Singkat cerita Gejolak hebat terjadi mengenai pemilihan putra mahkota dimana Yudhistira dengan segala kearipan budinya dan terkenal dengan raja Dharma menjadi putra mahkota menggantikan raja Drstarasta. Dengan keputusan ini dhuryidana sangat kecewa dan menyusun rencana jahat untuk membunuh para pandawa. Dhuryodhana mencoba meembakar pandawa di dalam rumah kadus yang di siapkan oleh Korawa untuk Pandawa. Namun usahanya gagal dan pandawa selamat dari keadaan itu namun pergi kehutan untuk memberikan kesan bahwa pandawa sudah tiada. Keadaan itu di manfaatkan oleh raja Drastarastha untuk menjadikan Dhuryodhana sebagai putra mahkota. Namun beberapa saat pandawa datang kembali ke kerajaan hastina pura dan situasi semakin kacau karena raja memiliki duaahli waris sehingga munculah ide untuk membagi negara menjadi dua yaitu setengah untuk pandawa dan setengah lagi untuk korawa. Raja yang buta akan dharma selalu memberikan kesengsaraan kepada para pandawa. Dia memberikan pandawa bagian kerajaan di tanah gersang kandawa prastha, dengan ketekunan karma, bakti, janana,dan raja yoganya, merkea merubah kandawa prastha menjadi indra prastha yang merupakan kerajaan yang megah dan besar yang mana rakyatnya hidup makmur dalam kerajaan itu. Dengan bantuan Sri Krsna pandawa berhasil menjalankan karma bumi.

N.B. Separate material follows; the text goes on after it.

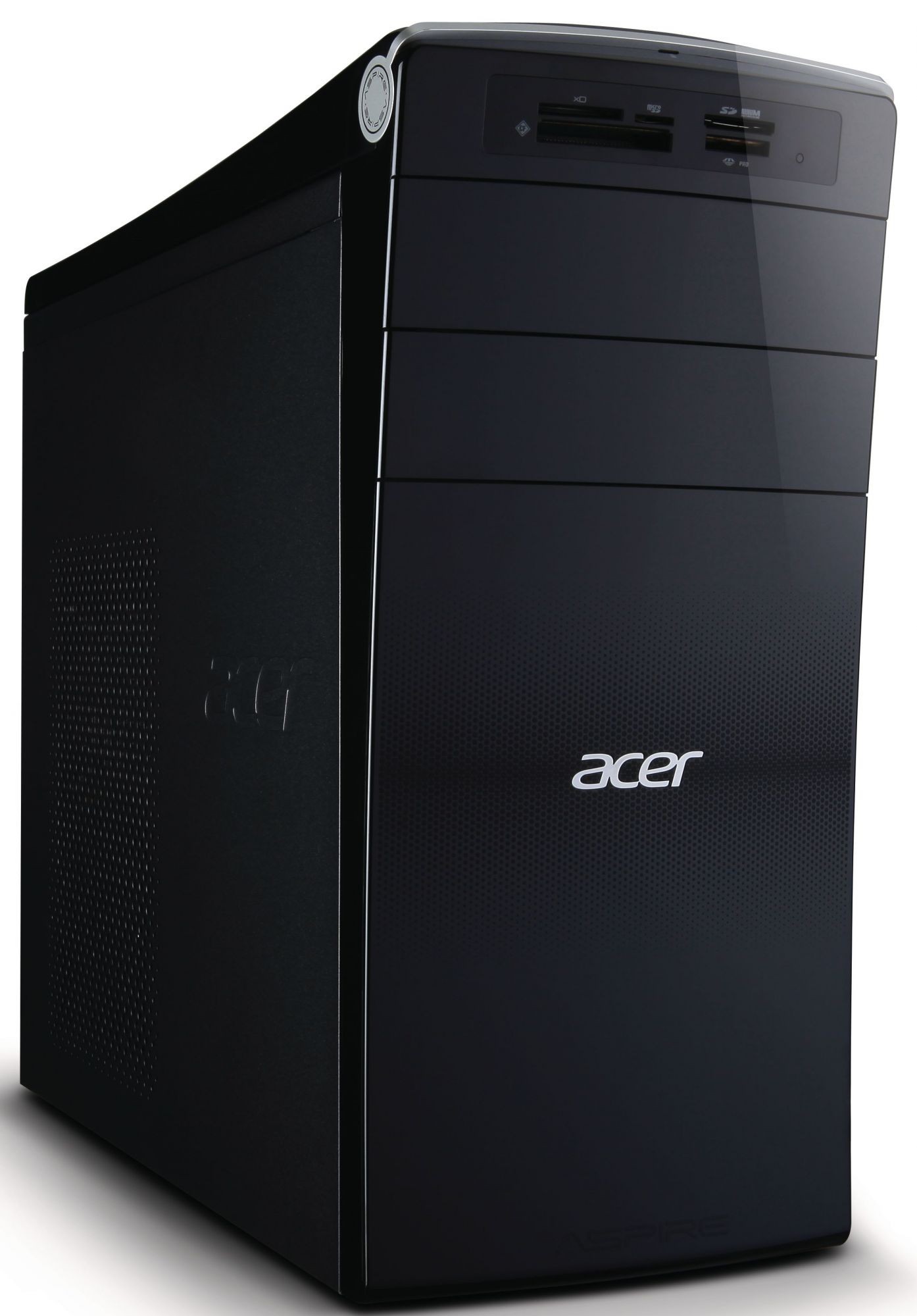 Системная плата acer aspire m3985 совместимость видеокарт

Dengan berdirinya kerajaan besar itu maka dilakukan upacara rajasuya untuk menobatkan yudhistira sebagai raja di raja, dan dhuryodana dengan kelompoknya yaitu sakuni mengahadiri upacara tersebut, dia kagum melihat kemegahan kerajaan itu. Dalam hatinya ia ingin memiliki kerajaan tersebut, maka sakuni raja gandara menyusun rencana jahat untuk mengambil alih kerajaan itu dengan cara yang tidak beradab yaitu dengan pertarungan judi yang dilakukan dengan curang. Sakuni mengalahkan raja yudhistira dalam permainan judi tersbut dan menjadikan raja yudhistira budak dan mengkoyak-koyak dharma dengan melecehkan wanita yaitu mencoba menelanjangi dropadi. Dengan kekalahannya ini, raja dengan politiknya mengembalikan kembali kekalahan raja yudhistira, namun dhuryodana tidak bahagia, dia kembali memgadakan permainan judi untuk melawan raja Yudhistira dan kekalahan yudhistira kembali terjadi sehingga pandawa harus di buang ke hutan selama 13 tahun karena itu merupakan persyaratan yang di ajukan dhoryodhana.

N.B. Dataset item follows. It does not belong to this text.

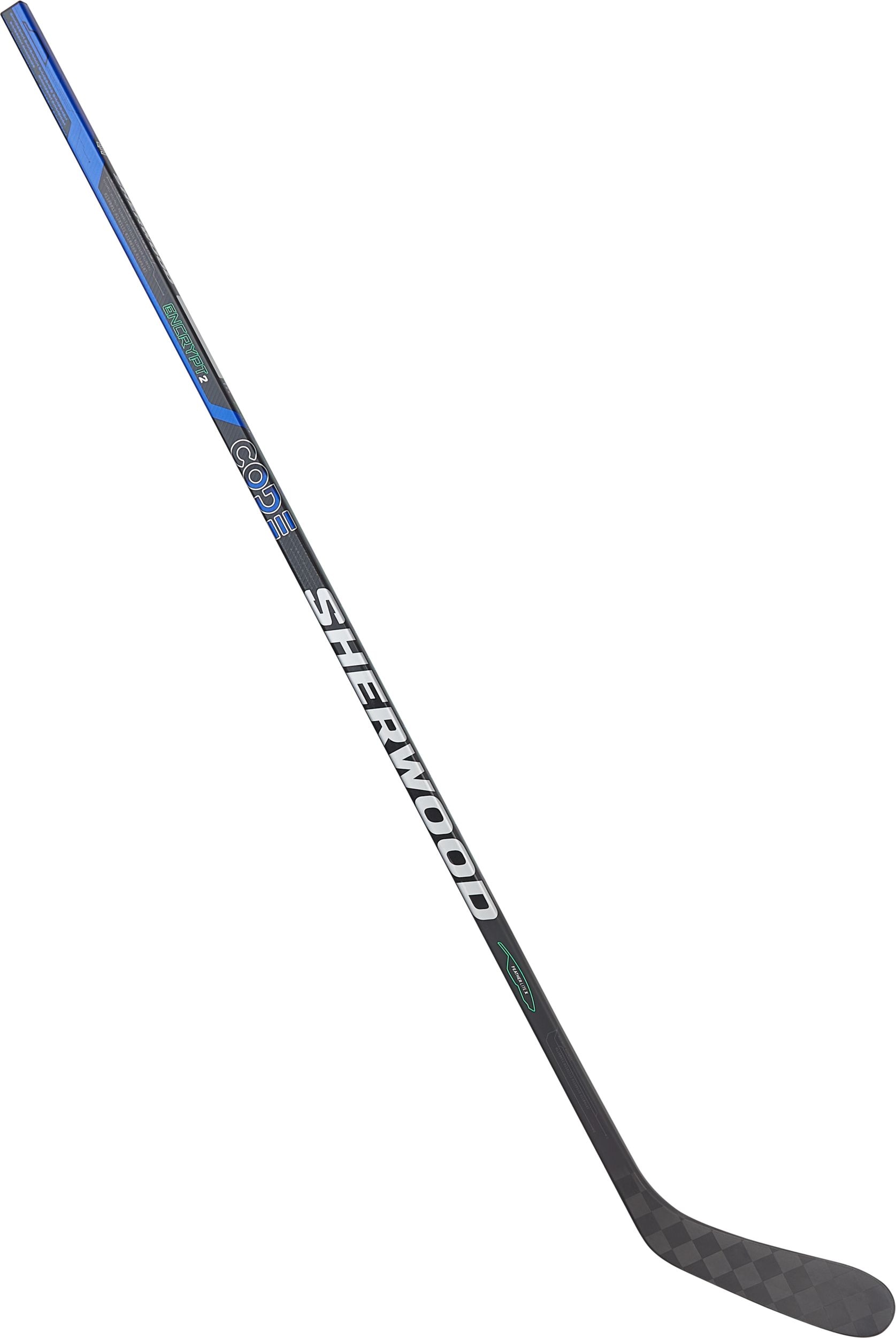 Sherwood Code Encrypt 2 Intermediate Hockey Stick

Berakhirnya masa pembuangan pandawa selama 13 tahun, maka mereka kembali, namun dhoryodhana tidak mau mengembalikan indraprastha karena dia terpesona akan kemegahan istana itu. Dari itulah muncul perang karena dhuryodhana ingin menguasai kerajaan dengan paksa.
Dari kutipan cerita epos besar mahabharatha ini mencerminkan bahwa bagaimana dengan kelobaan orang dapat hilang kemuliaannya.
Kita mengenal bahwa raja Drstarastha merupakan orang mulia dari keturunan bharatha, begitu juga Dhoryodhana adalah ksatria pembrani, sakuni juga merupakan raja mulia dari kerajaan gandara. Semuanya tokoh besar yang mulia itu menyimpang dari jalan dharma dalam memperoleh hartha maka, kemulian mereka hilang karena kelobaannya. Kemauan memiliki hak orang lain merupakan perbuatan yang salah, ini merupakan dasar dari ajaran etika. Dimana kehancuran akan mendatangkan mereka yang mentang dan menyimpang dari jalan dharma.
Dalam brahmapurana 221.16 di sebutkan bahwa :
“Dharmo Dharmanu Badhartho
Dharmo Natamartha Prdakah”
Artinya :
Dharma bertalian erat dengan harta dan dharma tidak menentang hartha itu sendiri tetapi mengendalikannya.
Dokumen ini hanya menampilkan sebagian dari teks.